Data for this task
--- START ---

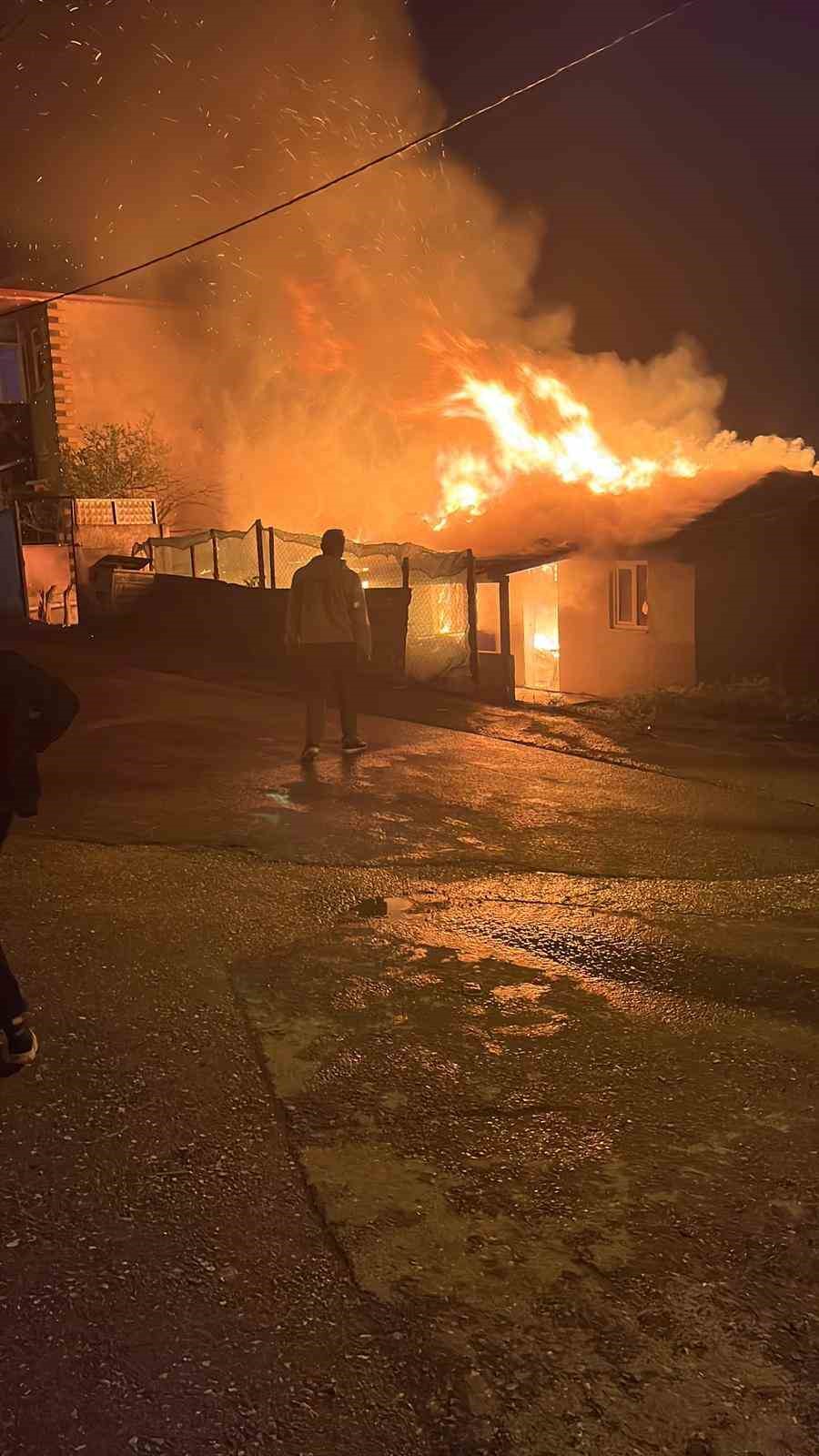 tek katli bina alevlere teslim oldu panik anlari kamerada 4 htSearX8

--- END ---
--- START ---

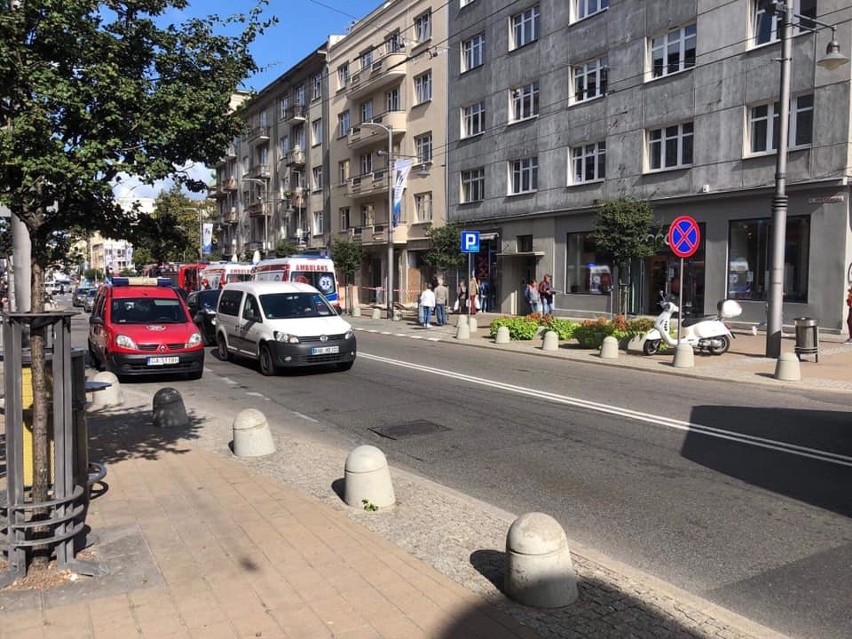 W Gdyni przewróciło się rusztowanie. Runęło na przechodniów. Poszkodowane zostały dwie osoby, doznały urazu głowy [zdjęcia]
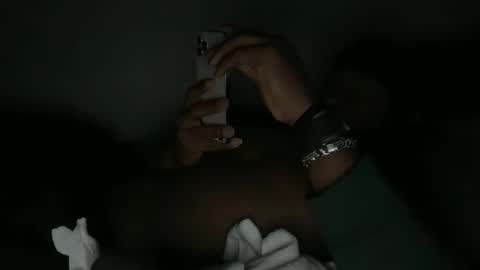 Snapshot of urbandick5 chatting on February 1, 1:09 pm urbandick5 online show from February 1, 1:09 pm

--- END ---
--- START ---

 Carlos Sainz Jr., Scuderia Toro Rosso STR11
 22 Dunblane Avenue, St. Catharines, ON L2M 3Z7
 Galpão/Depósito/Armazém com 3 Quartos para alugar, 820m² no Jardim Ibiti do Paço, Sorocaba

--- END ---

Activity
Give only the lines from the one holding "22 Dunblane Avenue, St." through the one holding "Galpão/Depósito/Armazém com 3", each restated exactly as it appears above.

Output of the task
 22 Dunblane Avenue, St. Catharines, ON L2M 3Z7
 Galpão/Depósito/Armazém com 3 Quartos para alugar, 820m² no Jardim Ibiti do Paço, Sorocaba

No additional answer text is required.